The Integrator article two issues ago on Google’s activities that precipitously gouged traffic at key websites (Self-Interested Whims of the Oligarchs: Google and Facebook Kill Access to Alternative and Integrative Medicine) immediately drew a range of responses. Longtime medical journalist Erik Goldman shared the remarkable diminution of traffic at his Holistic Primary Care site. Some spoke of organizing efforts. At the same time, other good analyses have been published. New information regarding Google’s growing partnerships with members of the medical industry and particularly pharmaceutical giants has come out. And there is an interesting coincidence of Google’s choice of dance partners as it matures and measures it global strategy and the corporate decision to excise its cheeky formative promise to “Don’t Be Evil”. Is it time to wonder whether there is a next level war for access emerging?

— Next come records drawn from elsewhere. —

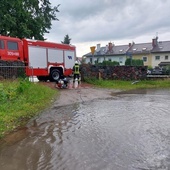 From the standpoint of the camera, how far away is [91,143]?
4727mm

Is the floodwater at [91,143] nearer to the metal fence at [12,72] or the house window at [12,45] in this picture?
the metal fence at [12,72]

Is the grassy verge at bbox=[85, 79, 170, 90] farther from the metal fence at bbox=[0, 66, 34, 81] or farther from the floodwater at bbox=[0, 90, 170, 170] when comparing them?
the floodwater at bbox=[0, 90, 170, 170]

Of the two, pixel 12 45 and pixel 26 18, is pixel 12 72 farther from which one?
pixel 26 18

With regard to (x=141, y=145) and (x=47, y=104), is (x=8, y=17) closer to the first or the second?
(x=47, y=104)

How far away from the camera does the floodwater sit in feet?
12.2

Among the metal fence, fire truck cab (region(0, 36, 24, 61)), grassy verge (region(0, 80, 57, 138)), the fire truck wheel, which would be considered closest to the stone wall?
the fire truck wheel

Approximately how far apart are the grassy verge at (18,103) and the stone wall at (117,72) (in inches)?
309

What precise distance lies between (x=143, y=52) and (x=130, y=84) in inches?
1502

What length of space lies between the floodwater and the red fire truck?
7.21 metres

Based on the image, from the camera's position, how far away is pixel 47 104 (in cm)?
920

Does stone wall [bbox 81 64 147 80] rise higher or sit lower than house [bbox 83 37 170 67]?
lower

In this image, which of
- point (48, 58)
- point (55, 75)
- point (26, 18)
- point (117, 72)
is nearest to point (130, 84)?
point (117, 72)

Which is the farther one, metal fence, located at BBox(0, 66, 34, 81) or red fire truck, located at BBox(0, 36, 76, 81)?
red fire truck, located at BBox(0, 36, 76, 81)

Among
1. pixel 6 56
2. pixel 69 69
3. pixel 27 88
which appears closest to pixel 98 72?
pixel 69 69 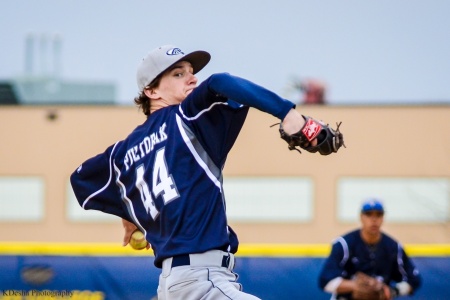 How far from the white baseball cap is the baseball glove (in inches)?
32.9

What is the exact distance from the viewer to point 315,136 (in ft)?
13.9

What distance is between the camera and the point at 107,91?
34.8 metres

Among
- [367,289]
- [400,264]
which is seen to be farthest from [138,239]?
[400,264]

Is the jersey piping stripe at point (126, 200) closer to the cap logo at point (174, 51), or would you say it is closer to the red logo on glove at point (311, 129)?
the cap logo at point (174, 51)

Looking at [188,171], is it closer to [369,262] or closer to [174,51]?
[174,51]

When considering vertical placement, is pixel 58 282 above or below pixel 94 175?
below

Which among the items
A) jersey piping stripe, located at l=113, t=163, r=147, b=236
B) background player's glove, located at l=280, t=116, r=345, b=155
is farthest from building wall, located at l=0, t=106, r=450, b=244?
background player's glove, located at l=280, t=116, r=345, b=155

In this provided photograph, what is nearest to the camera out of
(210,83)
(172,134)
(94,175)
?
(210,83)

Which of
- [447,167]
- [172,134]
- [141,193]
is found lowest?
[447,167]

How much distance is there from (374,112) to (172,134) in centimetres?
2673

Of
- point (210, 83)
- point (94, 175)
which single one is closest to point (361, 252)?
point (94, 175)

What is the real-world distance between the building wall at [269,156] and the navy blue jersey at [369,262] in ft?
69.1

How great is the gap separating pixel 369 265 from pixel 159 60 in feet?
16.9

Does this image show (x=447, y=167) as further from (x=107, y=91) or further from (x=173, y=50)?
(x=173, y=50) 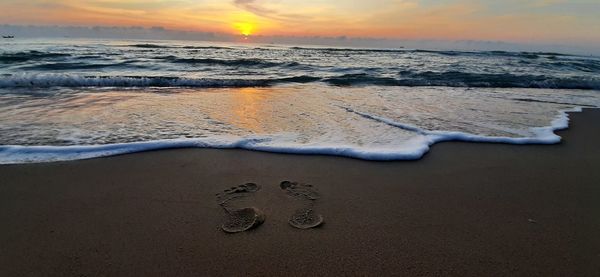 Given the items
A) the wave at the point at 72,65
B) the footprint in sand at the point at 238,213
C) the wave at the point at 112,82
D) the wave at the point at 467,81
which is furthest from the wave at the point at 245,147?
the wave at the point at 72,65

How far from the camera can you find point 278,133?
16.3 ft

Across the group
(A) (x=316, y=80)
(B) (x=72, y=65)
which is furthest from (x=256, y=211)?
(B) (x=72, y=65)

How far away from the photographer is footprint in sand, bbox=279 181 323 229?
262cm

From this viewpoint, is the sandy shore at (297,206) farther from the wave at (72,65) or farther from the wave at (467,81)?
the wave at (72,65)

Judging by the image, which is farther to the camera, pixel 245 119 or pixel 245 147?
pixel 245 119

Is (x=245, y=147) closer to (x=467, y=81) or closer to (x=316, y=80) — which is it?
(x=316, y=80)

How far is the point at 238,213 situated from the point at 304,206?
1.80 feet

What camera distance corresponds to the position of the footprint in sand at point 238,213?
256cm

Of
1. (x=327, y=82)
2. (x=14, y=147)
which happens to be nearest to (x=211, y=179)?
(x=14, y=147)

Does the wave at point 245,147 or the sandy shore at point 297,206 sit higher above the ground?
the wave at point 245,147

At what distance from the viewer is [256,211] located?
108 inches

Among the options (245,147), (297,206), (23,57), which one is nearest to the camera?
(297,206)

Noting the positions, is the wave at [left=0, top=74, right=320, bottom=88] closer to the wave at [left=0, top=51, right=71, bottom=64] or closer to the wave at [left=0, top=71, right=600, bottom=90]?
the wave at [left=0, top=71, right=600, bottom=90]

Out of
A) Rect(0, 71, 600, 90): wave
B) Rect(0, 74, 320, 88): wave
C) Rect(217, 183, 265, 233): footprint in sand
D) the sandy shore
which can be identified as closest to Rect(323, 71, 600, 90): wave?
Rect(0, 71, 600, 90): wave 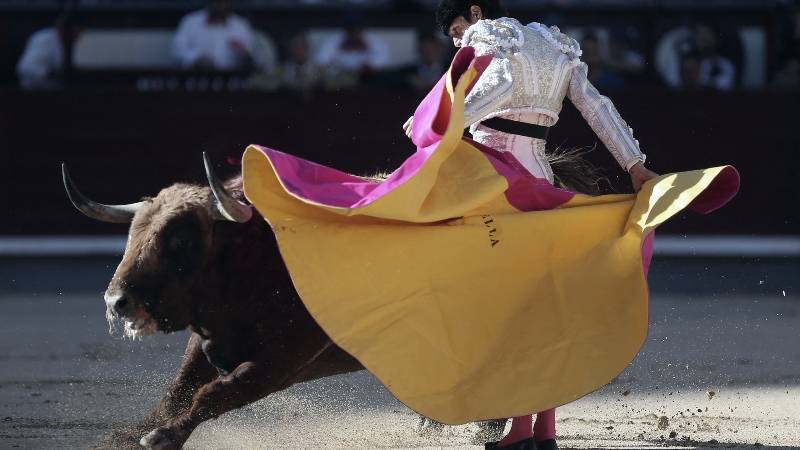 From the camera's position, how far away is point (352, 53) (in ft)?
24.4

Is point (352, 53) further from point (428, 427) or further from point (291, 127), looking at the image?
point (428, 427)

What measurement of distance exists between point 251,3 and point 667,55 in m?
2.22

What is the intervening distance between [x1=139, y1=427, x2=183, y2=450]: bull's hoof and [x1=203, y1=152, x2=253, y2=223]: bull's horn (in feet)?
1.67

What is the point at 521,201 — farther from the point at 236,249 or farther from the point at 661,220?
the point at 236,249

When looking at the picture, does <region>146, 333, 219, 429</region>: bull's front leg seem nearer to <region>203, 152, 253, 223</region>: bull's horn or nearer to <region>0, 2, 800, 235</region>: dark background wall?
<region>203, 152, 253, 223</region>: bull's horn

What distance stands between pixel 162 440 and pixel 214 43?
4.41 metres


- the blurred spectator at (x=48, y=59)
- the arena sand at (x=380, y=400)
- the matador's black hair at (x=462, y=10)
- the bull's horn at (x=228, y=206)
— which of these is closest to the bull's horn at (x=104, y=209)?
the bull's horn at (x=228, y=206)

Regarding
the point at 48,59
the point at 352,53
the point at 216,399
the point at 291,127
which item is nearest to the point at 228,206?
the point at 216,399

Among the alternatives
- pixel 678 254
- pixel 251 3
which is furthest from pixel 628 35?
pixel 251 3

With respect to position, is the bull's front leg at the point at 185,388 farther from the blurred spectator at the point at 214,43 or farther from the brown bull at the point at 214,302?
the blurred spectator at the point at 214,43

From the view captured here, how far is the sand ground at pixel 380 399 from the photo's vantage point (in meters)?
3.66

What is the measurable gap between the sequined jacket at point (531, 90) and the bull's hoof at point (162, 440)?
0.95 meters

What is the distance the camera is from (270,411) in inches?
157

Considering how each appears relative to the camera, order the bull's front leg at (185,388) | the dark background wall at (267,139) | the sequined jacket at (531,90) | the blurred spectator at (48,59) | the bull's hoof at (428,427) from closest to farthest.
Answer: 1. the sequined jacket at (531,90)
2. the bull's front leg at (185,388)
3. the bull's hoof at (428,427)
4. the dark background wall at (267,139)
5. the blurred spectator at (48,59)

About the first thing one is taught in medical research is that there are hierarchies of evidence and that the “RCT” (randomized controlled trial) sits on the Iron Throne. What the integrative user of multimodal, individually-tailored approaches immediately feels is estrangement and resentment at rules that seem form-fit for pharma. Can integrative even get an audience in such a court? Now the American College of Lifestyle Medicine (ACLM) and the True Health Initiative led by Yale public health, integrative, and lifestyle medicine leader David Katz, MD, MPH have published a model that seeks to take the RCT’s down a notch. It’s a diversity play. They recommend a “systematically weighted approach” involving multiple research models that “(increase) the weight and thereby validity of evidence specially applied to lifestyle interventions.” I reached Katz for an interview in which he spoke to the model’s relationships to integrative whole system research models and of the “tyranny of the RCT”. He shares intriguing political, strategic and tactical dimensions to lifestyle medicine’s Hierarchies of Evidence Applied to Lifestyle Medicine (HEALM).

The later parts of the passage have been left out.